3.1 Jenis Penelitian


Penelitian yang dilakukan merupakan penelitian eksperimental sesungguhnya
(true experiment) mengingat dalam penelitian ini telah memenuhi tiga prinsip, yaitu
randomisasi, replikasi, dan adanya kelompok kontrol dan kelompok eksperimen
(Sugiyono, 2009). Penelitian ini merupakan penelitian eksperimen yang bertujuan
untuk mengetahui efesiensi daya serap biosorben ampas tahu dengan parameter
variasi massa biosorben ampas tahu serta mengamati secara langsung kualitas
limbah tekstil dengan parameter kenampakan, warna, bau menggunakan desain
penelitian Rancangan Acak Lengkap (RAL) atau Randomized Complete Block
Design.
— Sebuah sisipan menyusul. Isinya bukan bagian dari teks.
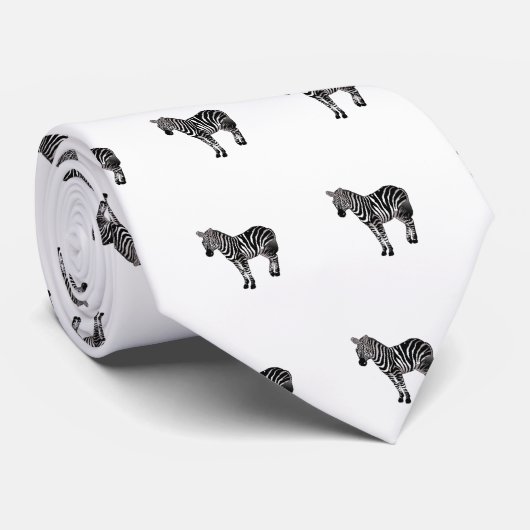 シマウマ ネクタイ (ロール)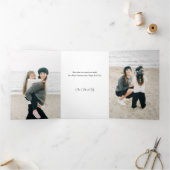 Carte Trois Volets Moderne Clean Chic Photo de vacances (Intérieur)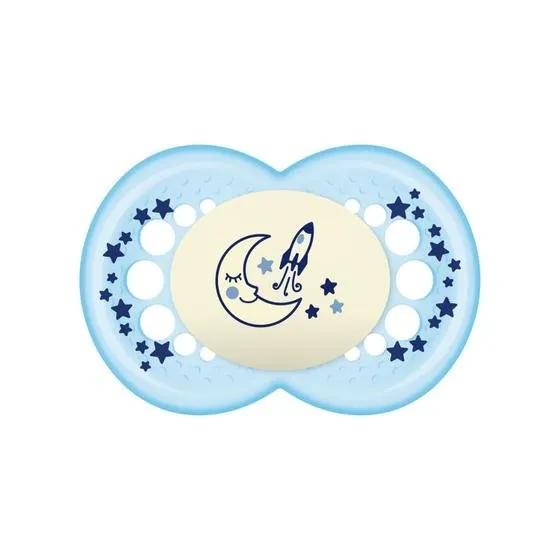 MAM Chupeta Night 6+ Azul Single Box 2525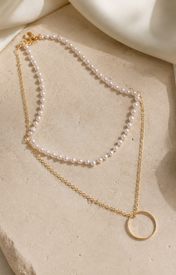 Liora Pearl Heart Necklace — Edition 1 jewelry product view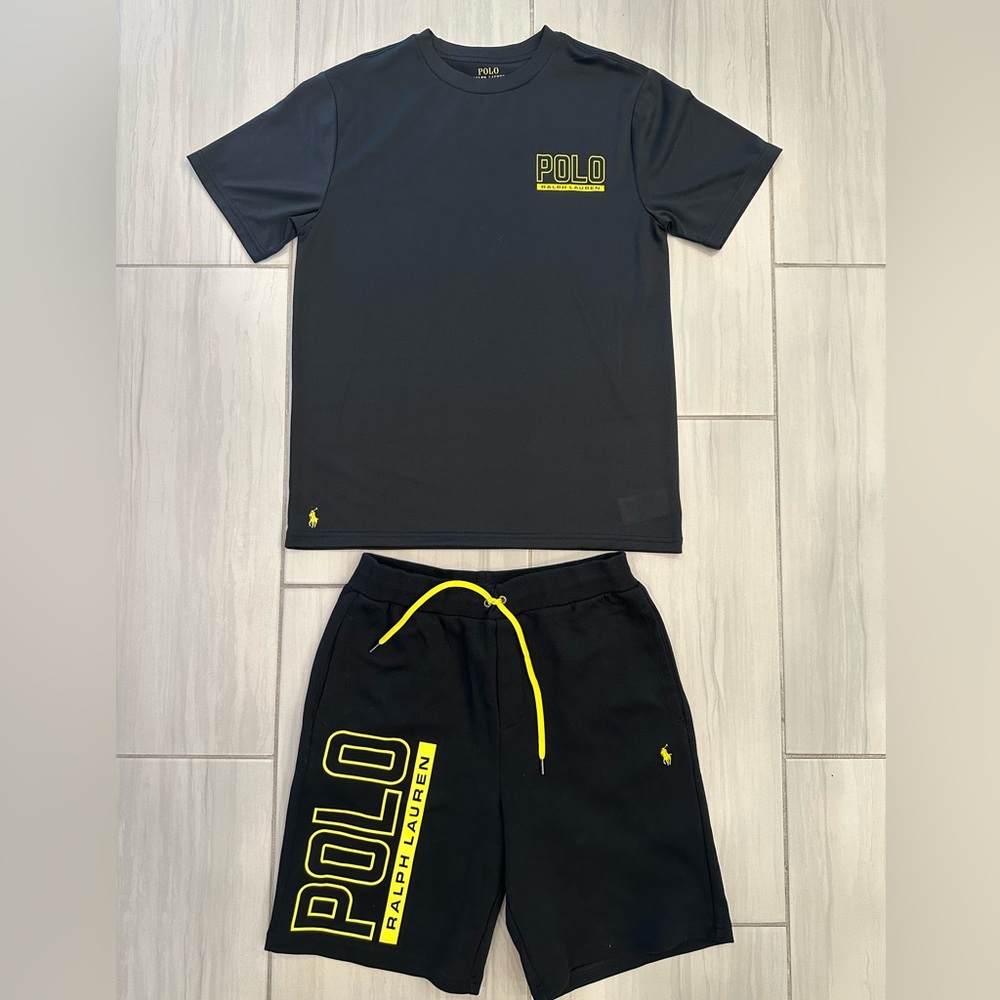 Boy’s Size Large (14-16) Polo Ralph Lauren Coord Shorts & Shirt Set - Like New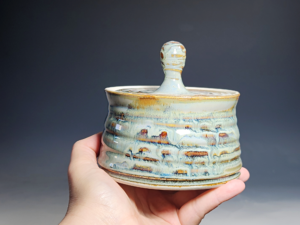 Hand Thrown Pottery Microwave Egg Cooker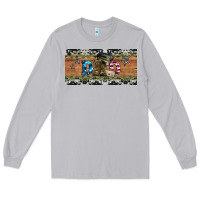 Moon Dust soldier dad license  plate Long Sleeve Tee - Artiststas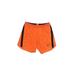 Nike Athletic Shorts: Orange Print Activewear - Women's Size Medium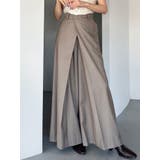 モカ | フロントラップスーパーワイドパンツ | RESEXXY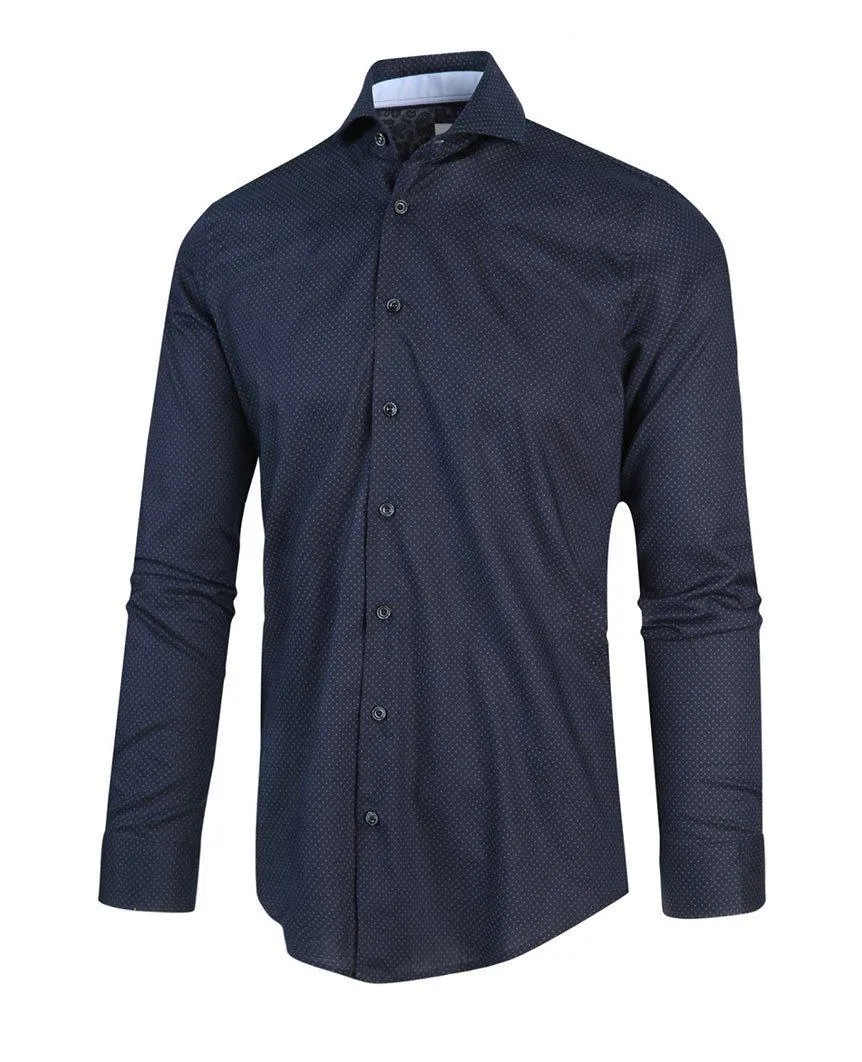 Navy Print Shirt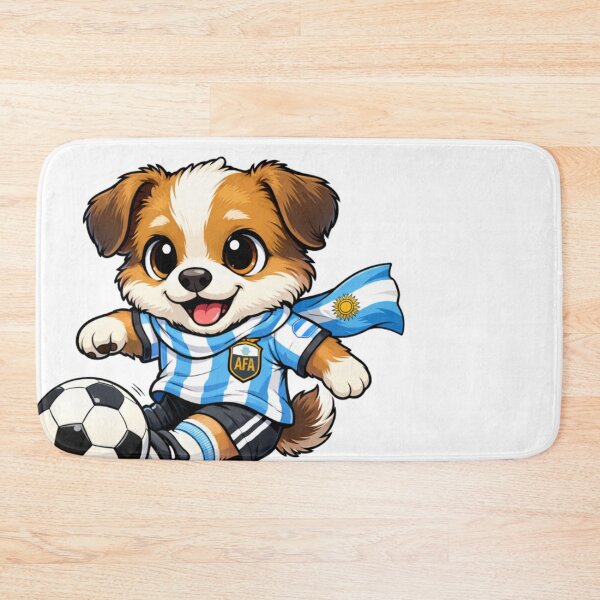 Artikelvorschau, Süßer Hund, argentinischer Fußballfan-Welpe entworfen und verkauft von Tsugraf Designs.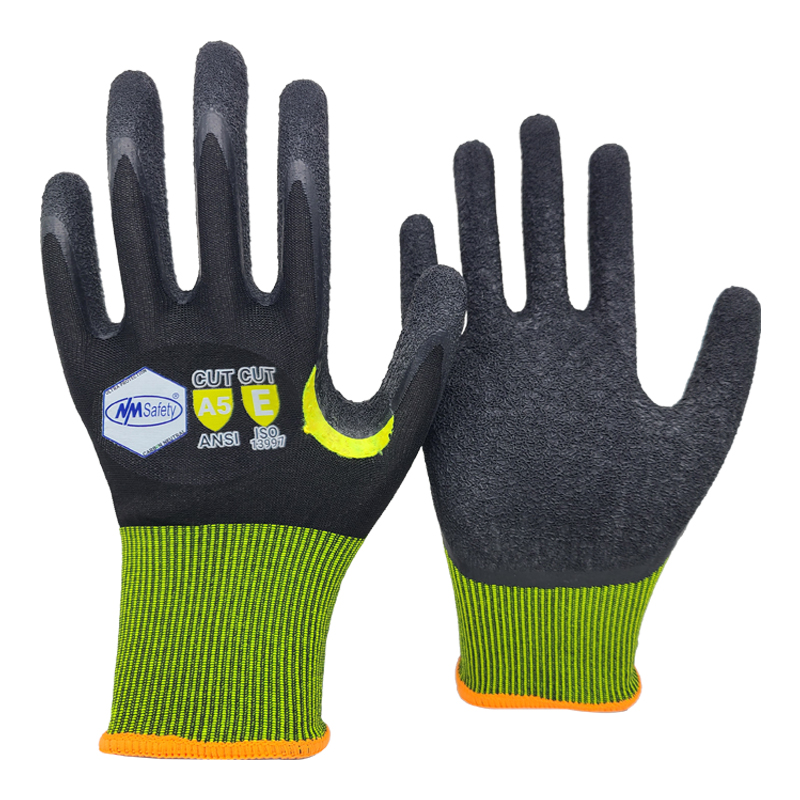Level 5 Cut-Resistant Gloves, Firm Non-Slip Grip, Heavy Duty Work
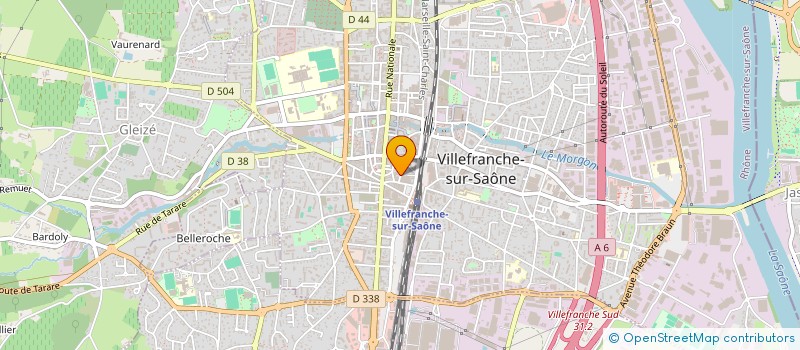 localisation de l'entreprise MADAME ANNUNZIATA CACACE  VILLEFRANCHE-SUR-SAONE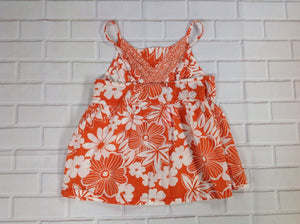 Faded Glory ORANGE & WHITE Top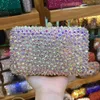 Kvällspåsar Xiyuan Lady AB Crystal Diamond Clutches For Wedding Party Cocktail Clutch Purse Chain Shoulder Bag Women Handbag 230823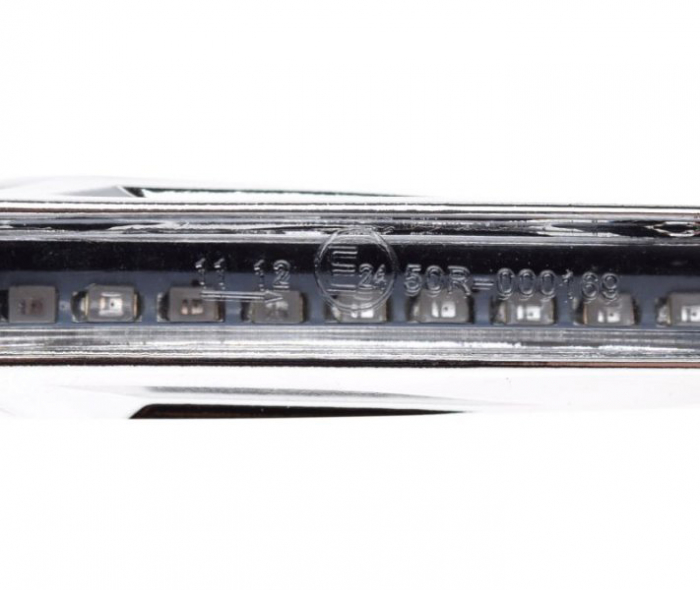 Set lampi semnalizare dinamice, LED, crom [4]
Penelitian mengambil 4 perlakuan, yaitu 1 kelompok kontrol negatif (K-),
yaitu limbah tekstil yang tidak diberikan perlakuan, dan 3 kelompok perlakuan yaitu
perlakuan 1 (P1) adalah diberikan perlakuan dengan massa biosorben sebesar 0,625
gram, perlakuan 2 (P2) adalah diberikan perlakuan dengan massa biosorben sebesar
1,25 gram, dan perlakuan 3 (P3) adalah diberikan perlakuan dengan massa biosorben
sebesar 2,5 gram.

3.2 Rancangan Penelitian


Rancangan penelitian yang dilakukan adalah seperti pada gambar 3.1

Variabel bebas:
Variasi massa K(-) P1 P2 P3
(0,625) (1,25) (2,5)
biosorben yang
diberikan

Randomisasi
Limbah Tekstil
sampel
Variabel terikat:

Uji daya serap


X1 X2 X3
biosorben, uji efesiensi
dan uji kualitas limbah

Gambar 3.1 Sistematika Penelitian tentang Biosorben Ampas tahu


10
3.3 Subjek dan Objek Penelitian
Subjek dalam penelitian ini adalah biosorben ampas tahu dengan masing-
masing massa biosorben sebesar 0 gram, 0,625 gram, 1,25 gram dan 2,5 gram
sedangkan objek dalam penelitian ini adalah penurunan kadar Kromium dalam
limbah tekstil, perhitungan efesiensi daya serap ion kromium dan kualitas limbah
tekstil pada masing-masing variasi perlakuan.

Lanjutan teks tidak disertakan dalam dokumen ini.